Un joven con un libro de Sabato en la mano, El túnel, apuntó la cámara de su teléfono celular hacia el ataúd y gatilló una foto. “Te quiero, te quiero”, repetía en voz baja, mucho antes de que el salón se llenara y la gente aplaudiera. Mirta Roa, la hija del escritor paraguayo Augusto Roa Bastos, llegó el sábado a la noche. De tanto en tanto, abrazaba a Elvira González Fraga, la última compañera de Sabato. “Más que amigos, eran como hermanos. En la puerta del placard del departamento de mi papá, Ernesto recortó una foto suya, la pegó y escribió: ‘Augusto, mi hermano’. A mi padre le decía Roita.” La tonada melodiosa de Mirta paseaba en voz baja por los recuerdos. “Mi papá decía que el hombre cabal tiene dos nacimientos: uno al nacer y el otro al morir. Porque nacen a otra vida, a una vida inmortal.” Un repaso de coincidencias.
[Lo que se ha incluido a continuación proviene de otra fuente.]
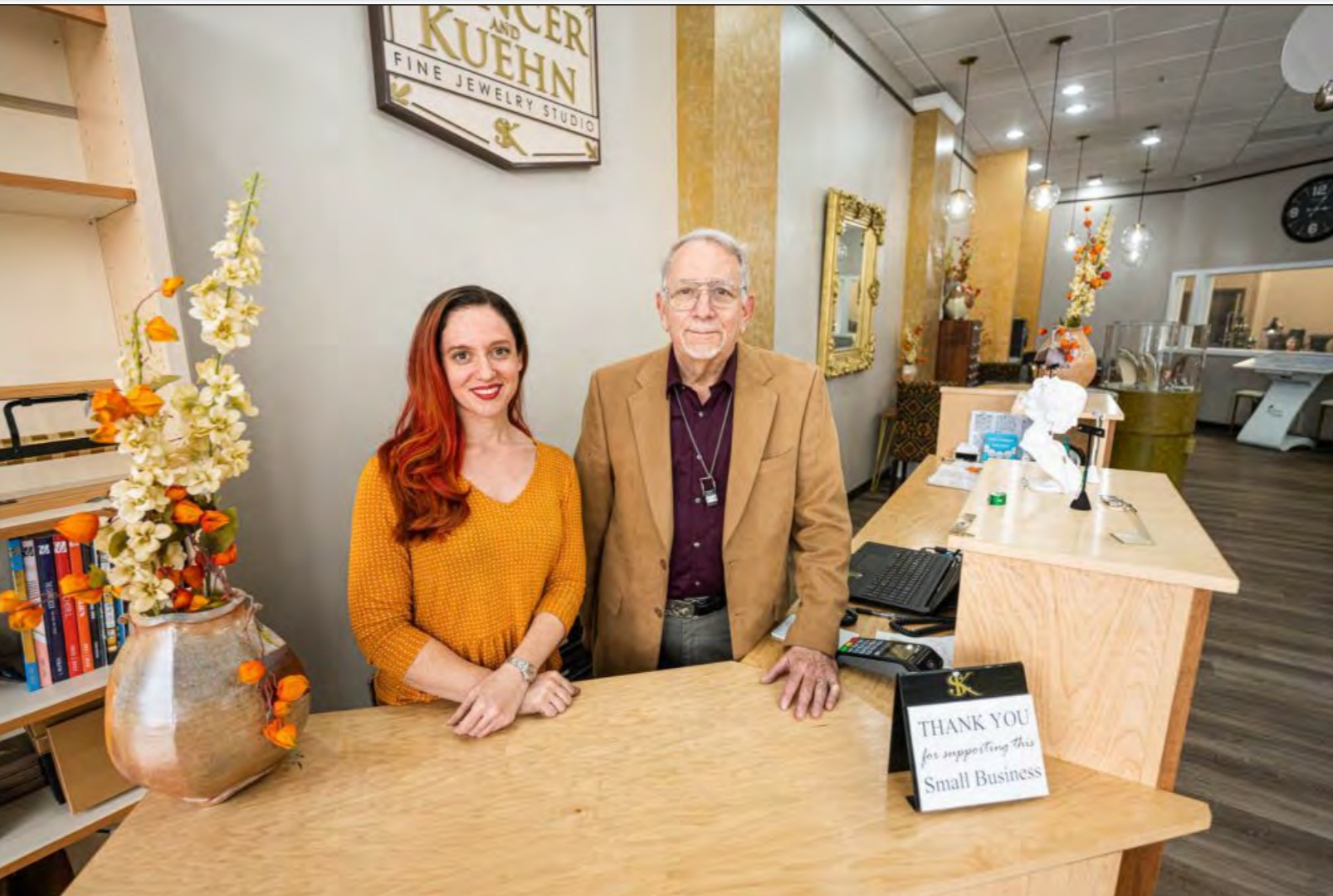 Photo of John Kuehn and Katherine Spencer inside Spencer and Kuehn Fine Jewelry studio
Sabato y Roa Bastos nacieron en junio, los dos murieron en abril, durante la Feria del Libro, ambos son premios Cervantes. “Ernesto no claudicó nunca, jamás se entregó por ambición o por poder. Se mantuvo siempre humilde, con ese sentimiento de arraigo al pueblo, al lugar donde está. Sin olvidar su inmensa literatura, lo que más me conmueve es esa vocación de servicio de prestar su voz a los que no pueden expresarse, usar su prestigio para hacer escuchar a la gente que está sumergida”, sintetizó Mirta. “Si ellos se querían tanto, si eran como hermanos, acabo de perder a un tío.”
Cuando el obispo de San Isidro, monseñor Jorge Casaretto, arrancó con el oficio religioso, más de 300 personas desbordaban el salón. “Si hay una persona que ha vivido sin discriminar a alguien, valorando lo que es la persona humana, ha sido Ernesto. No solamente ha sido un gran escritor, sino un gran humanista, un gran maestro para todos nosotros, un hombre que buscó siempre la dimensión trascendente.”